→ **Aim of the task**
Below is a block of records: output all of them exactly and leave out the pictures.
- Opening Delimiter -
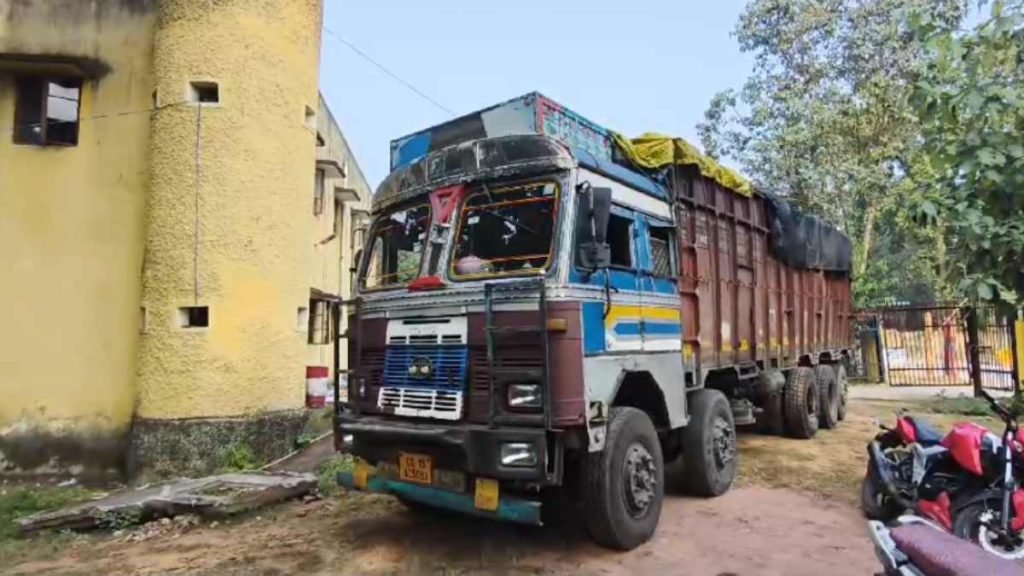 CG : अवैध कोयला परिवहन करते ट्रक जब्त… 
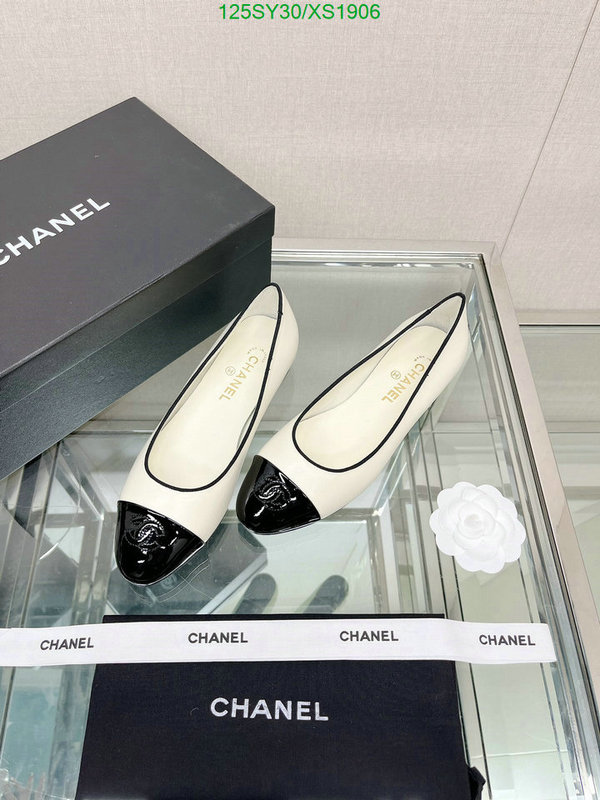 Women Shoes-Chanel, Code: XS1906,$: 125USD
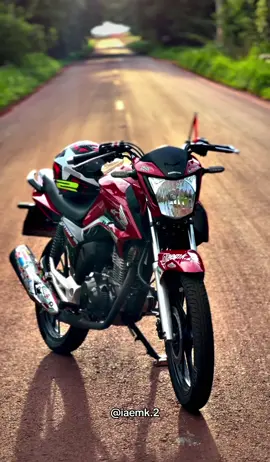 Vermelhinha😻🍓 . . . #moto #titan #titan160 #fyp 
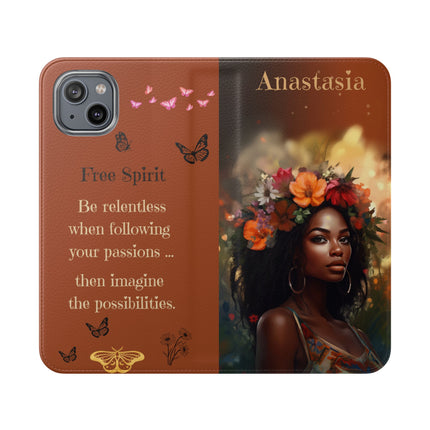 Free Spirit - iPhone Flip Case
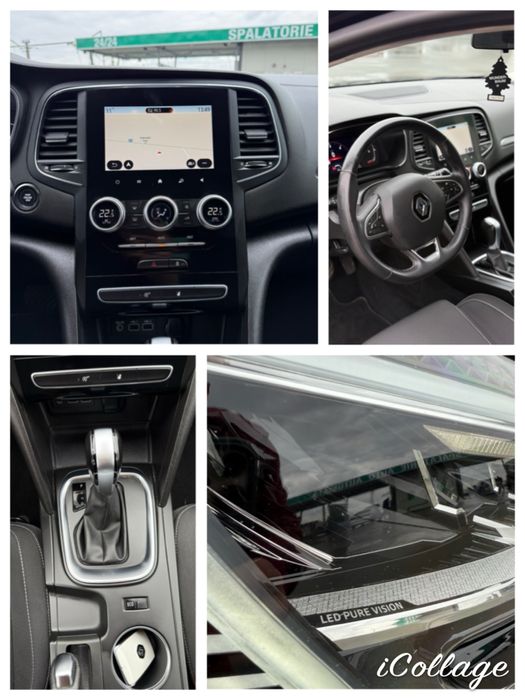 Renault Megane/ Full Led/ AUTOMAT/ An 2021/ 1.5 Dci ~115Cp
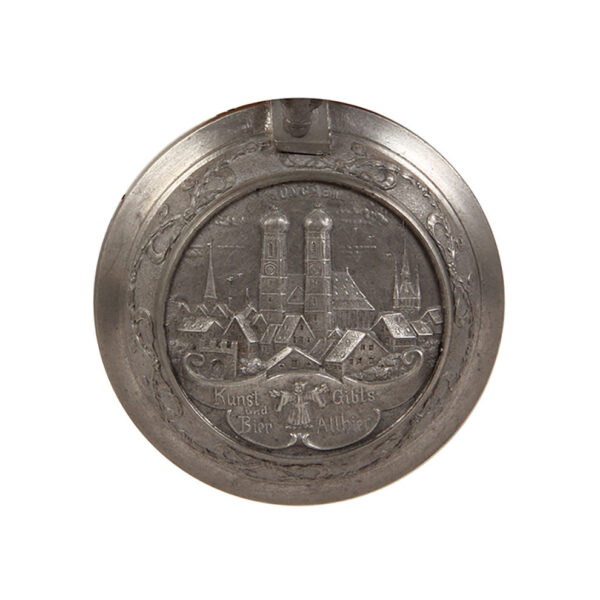 Military stein, .5L, Landesp. München Streifstaffel, 1925 - Image 4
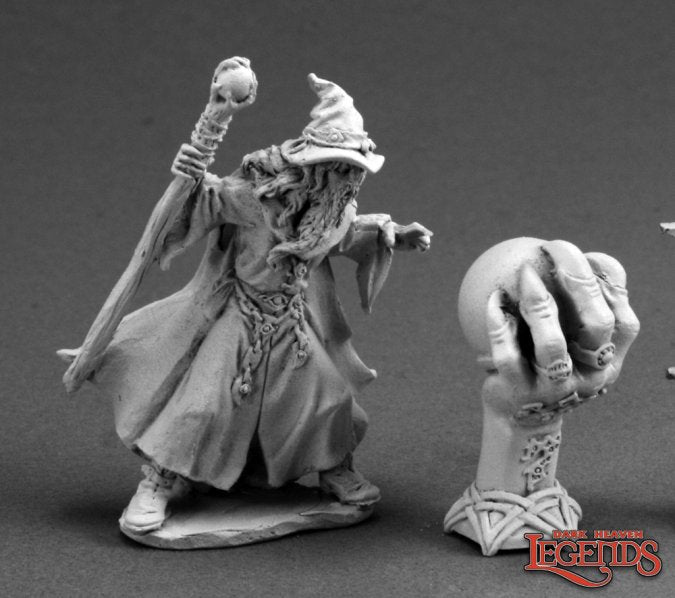 Wizard and Crystal Ball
- Closing Delimiter -
→ **Expected answer**
 CG : अवैध कोयला परिवहन करते ट्रक जब्त… 
 Women Shoes-Chanel, Code: XS1906,$: 125USD
 Vermelhinha😻🍓 . . . #moto #titan #titan160 #fyp 
 Free Spirit - iPhone Flip Case
 Renault Megane/ Full Led/ AUTOMAT/ An 2021/ 1.5 Dci ~115Cp
 Military stein, .5L, Landesp. München Streifstaffel, 1925 - Image 4
 Wizard and Crystal Ball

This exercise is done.